The pullback metric of the Euclidean metric on \(\mathcal{X}\) through \(F\) is \(G = J^\top J\) where \(J\) is the Jacobian of \(F\). This metric tells us how the flow distorts space. The eigenvalues of \(G\) at a point \(z\) describe how much each latent direction stretches or compresses data space at that point.

A natural question is: can we choose \(F\) so that the pullback metric is diagonal? If so, the coordinates given by \(F^{-1}\) would be orthogonal in data space, and (as in PCA) the information would decompose exactly into the information of each coordinate.

Curvature as an obstruction to factored representations

This is where Riemannian geometry provides a sharp answer. A metric can be diagonalized by a coordinate transformation if and only if certain components of the Riemann curvature tensor vanish. Specifically, the off-diagonal sectional curvatures of the pullback metric must be zero.

For a metric derived from a probability density function (through the Fisher information metric or through the pullback of a normalizing flow), this curvature is in general nonzero. This means that for most data distributions, there is no coordinate system that simultaneously makes all factors independent. Any factored representation will necessarily lose some information.

This is not just a theoretical nuisance. It tells us something fundamental about the structure of the representation learning problem: the geometry of the data determines an upper bound on how well any factored representation can perform.

Dimensionality reduction through optimal coordinate dropping

Given these constraints, how should we choose which coordinates to drop? I have been developing a framework that formulates dimensionality reduction as an optimal control problem. The idea is as follows.

Given a diffeomorphism \(F: \mathcal{Z} \to \mathcal{X}\), we can “drop” a coordinate by projecting onto a coordinate subspace in \(\mathcal{Z}\) and mapping back to \(\mathcal{X}\). Rather than doing this instantaneously, we consider a time-indexed family of maps that smoothly transports a point along the coordinate curve to the submanifold where that coordinate is zero. The energy of this transport defines a cost function:

\[J_t[\gamma](x_t) = \int_0^t \left\| \frac{dP_s(x_s)}{ds} \right\|^2 ds\]

where \(P_s = F \circ \Pi_s \circ F^{-1}\) and \(\Pi_s\) is the time-indexed coordinate dropping operator. Taking the infimum over all transport maps \(\gamma\) gives a value function that measures the minimum energy needed to project a point onto the coordinate submanifold.

The expected value of this cost over the data distribution measures how much information is lost by dropping coordinate \(k\). The optimal diffeomorphism \(F\) that minimizes this expected cost produces coordinate systems where the dropped direction truly captures the least important variation. Remarkably, the optimality conditions for this problem recover the requirement that coordinate curves be geodesics of the pullback metric, connecting back to the differential geometry machinery.

The bigger picture

The thread connecting these ideas is that good representations are good coordinate systems, and the quality of a coordinate system is determined by its geometry. Normalizing flows provide a natural class of coordinate systems through their learned diffeomorphisms. The pullback metric captures how these coordinates interact with data space geometry. And the curvature of this metric determines fundamental limits on how well we can factorize the representation.
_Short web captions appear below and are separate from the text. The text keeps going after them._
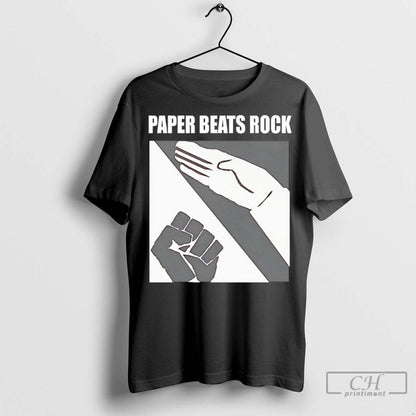 Paper Beats Rock T Shirts Jpg TShirt Classic Look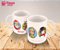 Caneca Porcelana Personalizada Natal - Imagem 1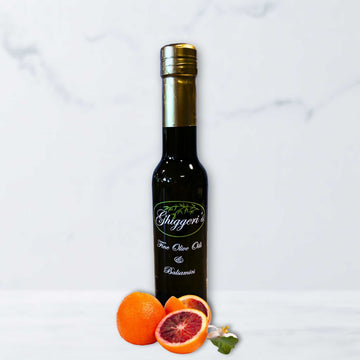 Blood Orange Fused Olive Oil – Bright Citrus Extra Virgin Olive Oil Bottle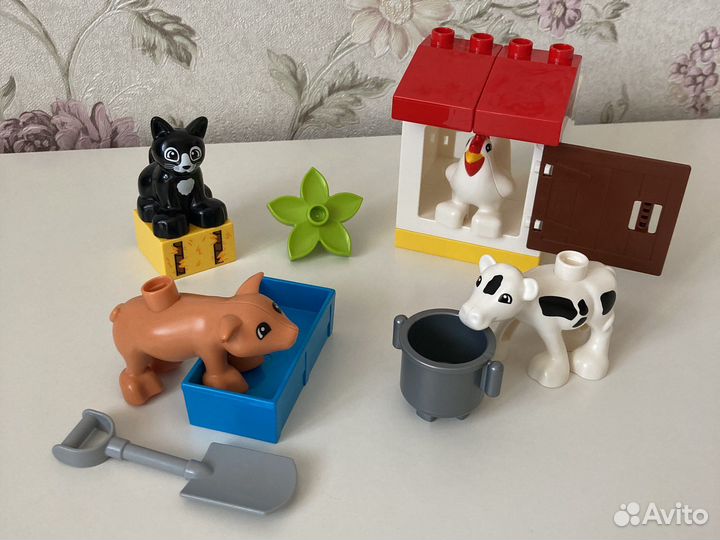 Lego duplo ферма набор
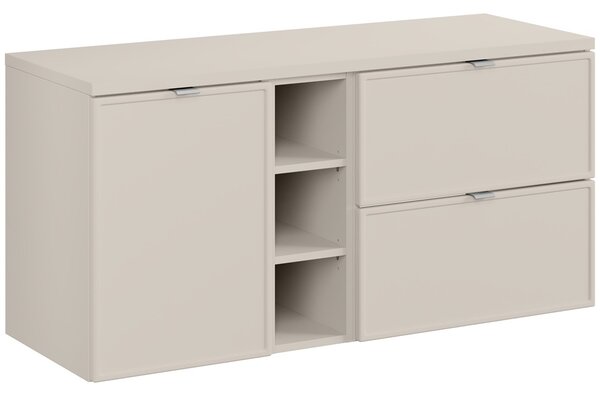 BELLA CASHMERE 82-120-40-20-60-DC skrinka pod umývadlo 120 cm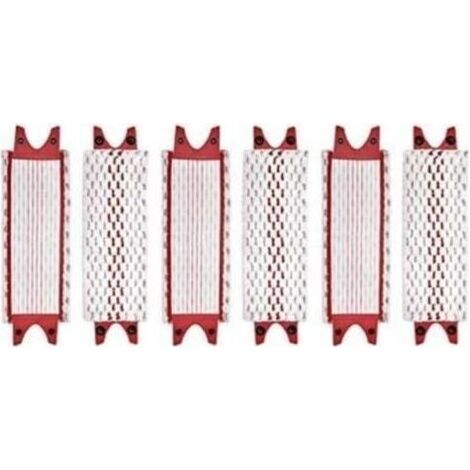 6 Pièces Lavette pour Vileda EasyWring Ultramax, avec caractéristiques : 6PIÈCES, LED, 14CM (1/5)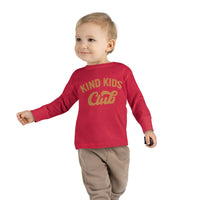 Kind Kids Club Rabbit Skins Toddler Long Sleeve Tee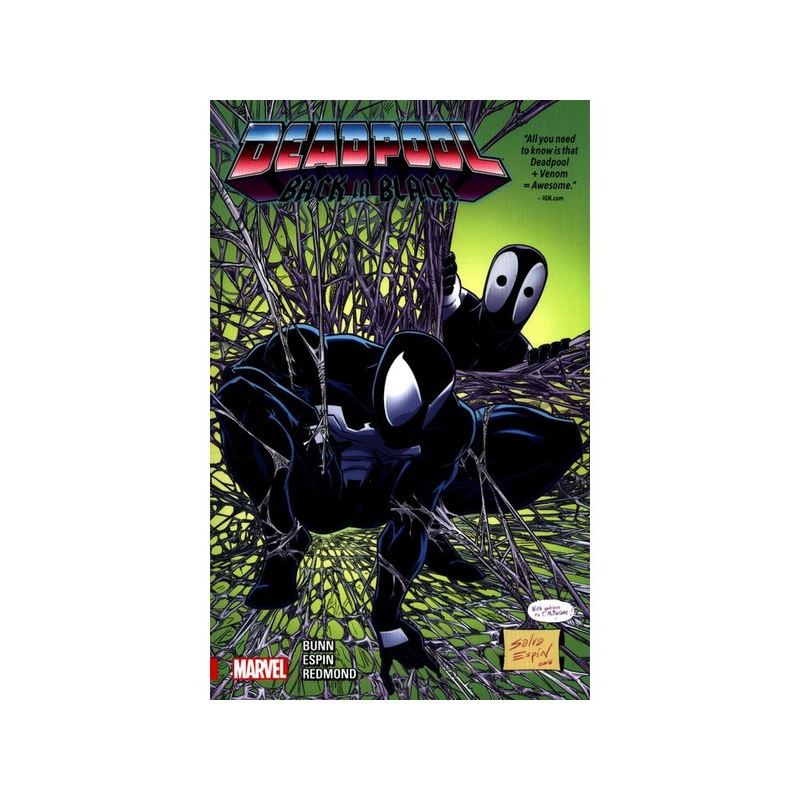 Marvel Comics - Deadpool - Back In Black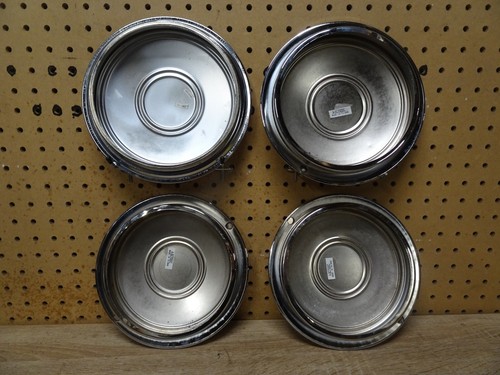 1 SET Chrome Cragar Center Caps 313 Series Set Of 3 P/N A-SC7000C - Picture 8 of 12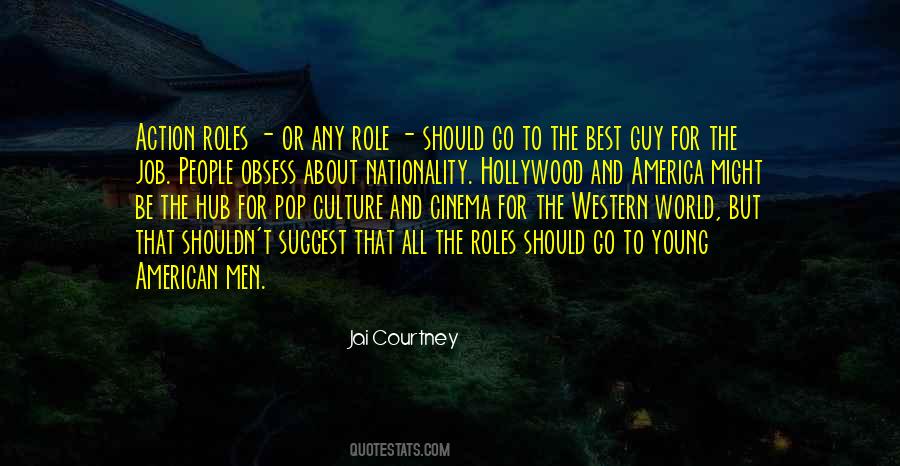 Quotes About Hollywood Cinema #806467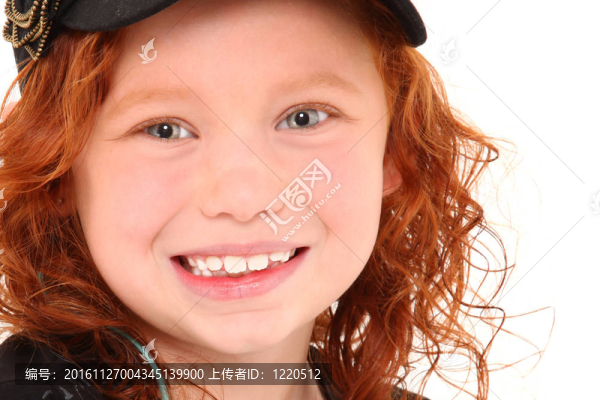 姜女孩特寫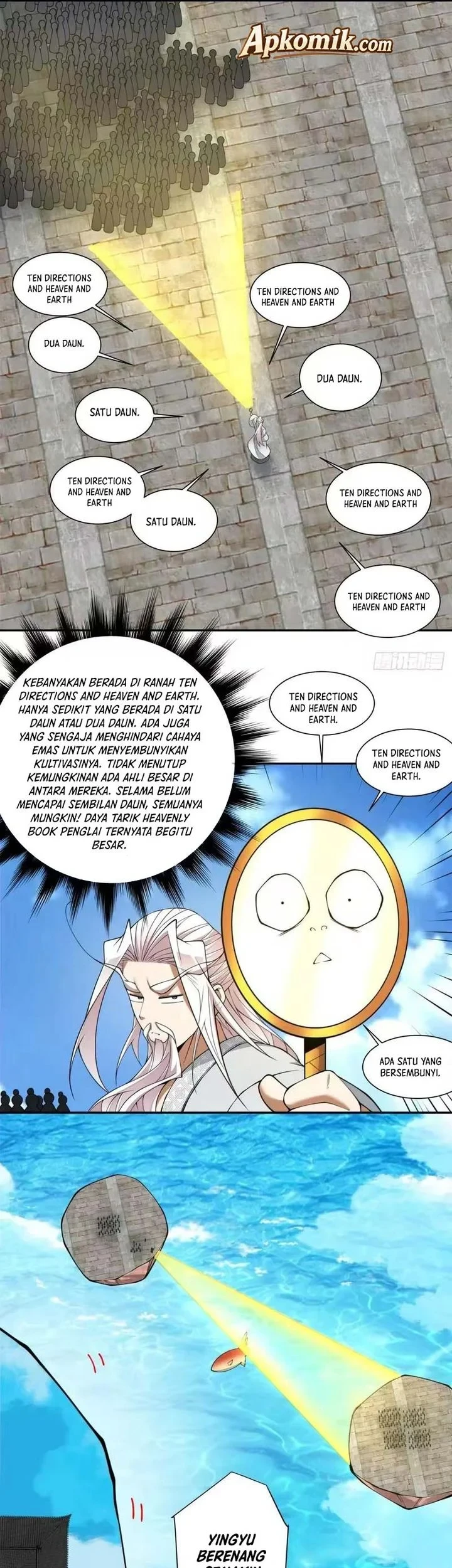 My Disciples Are All Big Villains Chapter 518 Halaman 13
This perspective also explains why different generative model architectures succeed in different settings. Models that implicitly learn metrics with low curvature (relative to the data manifold) will find representations that factor more cleanly. Models that operate on data with high intrinsic curvature will necessarily learn more entangled representations, and no amount of architectural engineering can overcome this geometric obstruction.

The software libraries I have built, generax for flow-based generative models, linsdex for linear SDE inference, and local_coordinates for Riemannian geometry computations, are tools for investigating these questions computationally. Together, they let us build generative models, analyze the geometry of the resulting representations, and understand the fundamental limits of what those representations can achieve.